Arsenic stock requires the following materials ready to hand before starting:

Pounds.
Caustic soda4
White arsenic10
Sal-soda crystals10

There should be also some means for heating the solution in case, as sometimes happens because of impure materials, lack of skill, or some unforeseen circumstance, the heat created by mixing the materials should be insufficient to dissolve all the arsenic.

In a 5-gallon kettle or metal[9] pail place the 4 pounds of caustic soda, add 1 gallon of cold water, and stir with a stick until the caustic soda is practically all dissolved. Without delay begin adding the white arsenic, in portions of a pound or two at a time, as fast as it can be dissolved without causing the solution to boil, stirring all the time. If the liquid begins to boil, stop stirring and let it cool slightly before adding more arsenic. The secret of success is to work the arsenic in fast enough to keep the solution very hot—nearly but not quite at the boiling point. The result should be a clear solution, except for dirt. If the liquid persistently remains muddy or milky, it may be because the operation has been conducted so fast that much water has been boiled out and sodium arsenite is beginning to crystallize, so add another gallon of water and stir. If the solution does not then clear up, the caustic soda must have been very low grade, and the undissolved substance must be arsenic. In that case, put the kettle over the fire, heat nearly, but not quite, to boiling, and stir. As soon as the solution of arsenic is complete, dilute to about 4 gallons, add the sodium carbonate, and stir until dissolved.

Cautions.—It is necessary to avoid splashing. Hence never work hurriedly; stir deliberately and regularly; do not dump in the arsenic and sal soda, but carefully slide them in from a grocer's scoop held close to the side of the pail and to the surface of the liquid. Perform the whole operation in a well-ventilated place and avoid inhaling steam.

After the solution has become cold add water to make it to exactly 5 gallons,[10] mix well, let settle, and draw off into containers which can be tightly corked or otherwise closed. Jugs or demijohns are best, but tin cans will serve if occasionally inspected for leaks which may occur after a time through the action of the solution upon the solder of the can.

Tar stock is prepared thus: In a large metal pail dissolve three-fourths of a pound of caustic soda in 1 quart of water, add 1 gallon of pine tar, and stir thoroughly with a wooden paddle until the mixture, which at first looks streaked and muddy, brightens to a uniform, thick fluid somewhat resembling molasses. Test it by letting about a teaspoonful drip from the paddle into a glass of water (a glass fruit jar or a wide-mouth bottle will do) and stirring thoroughly with a sliver of wood. It should mix perfectly with the water. Globules of tar which can be seen by looking at the glass from underneath and which can not be blended with the water by repeated stirring indicate that more caustic-soda solution is needed. In that case make up more caustic-soda solution of the same strength and add it, not more than a pint at a time, with thorough stirring, until the desired effect is produced.

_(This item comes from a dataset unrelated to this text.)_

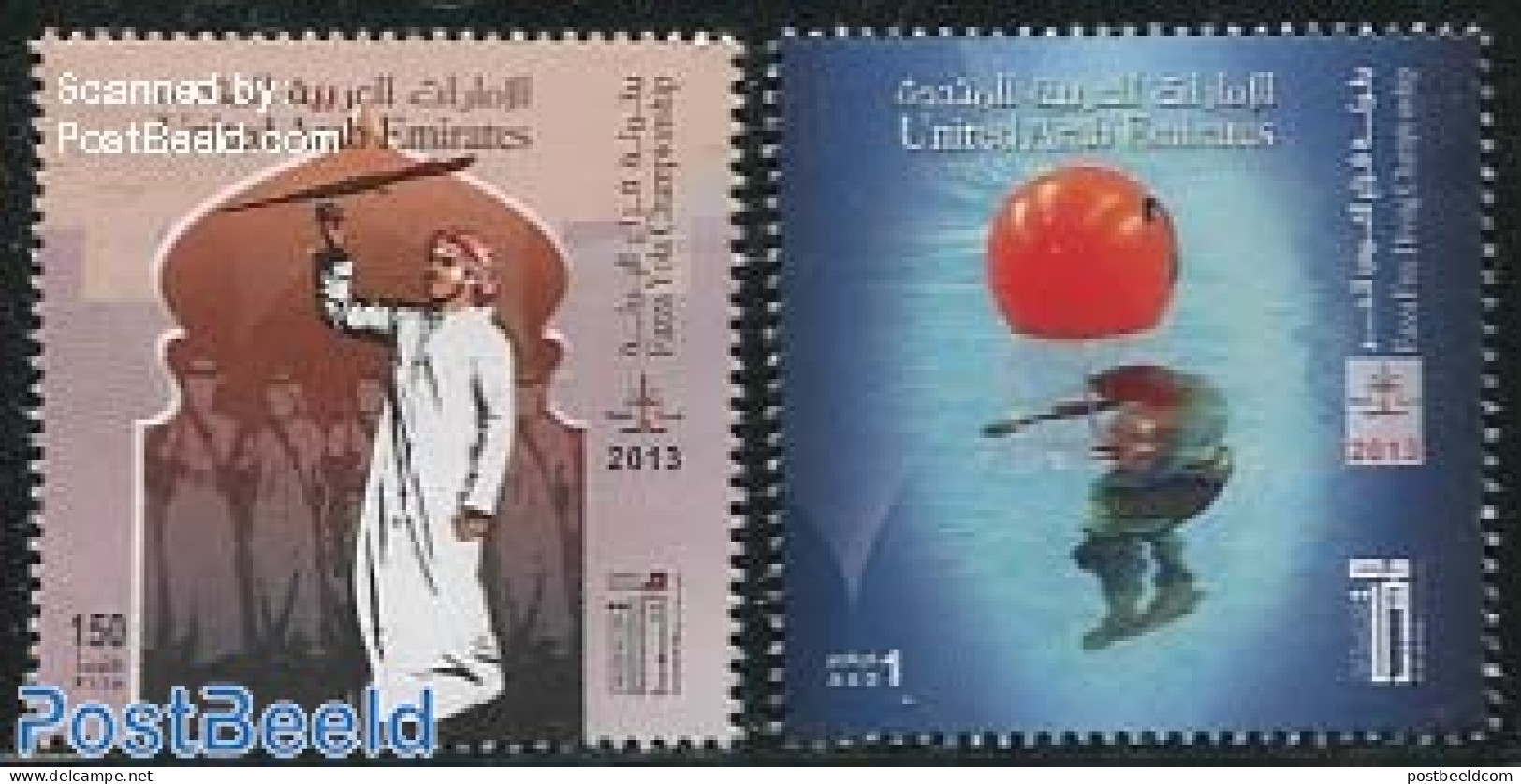 United Arab Emirates 2013 Cultural Sports 2v, Mint NH, Sport - Sport (other And Mixed) - Otros & Sin Clasificación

If an appropriate glass vessel for making the test is not at hand, take a little of the mixture between the fingers, then dip the fingers under water and try to rub off the tar. It should leave the fingers perfectly clean after a little rubbing with water. If an oily coating remains, more caustic-soda solution is needed. Such an extra addition of caustic soda will be required only in case of a very low-grade chemical or a very highly acid tar. The tar stock should be kept in closed containers, such as a pail with a friction top.

The quantity of S-B arsenic stock or of tar stock made in one operation can be varied as desired, provided the above-given proportions of the ingredients are adhered to. But one should attempt to work the S-B formula on a larger scale only after skill and experience have been acquired.

The boiled dip is less convenient than the S-B dip, but the final composition and effect of dipping baths prepared from the two are the same.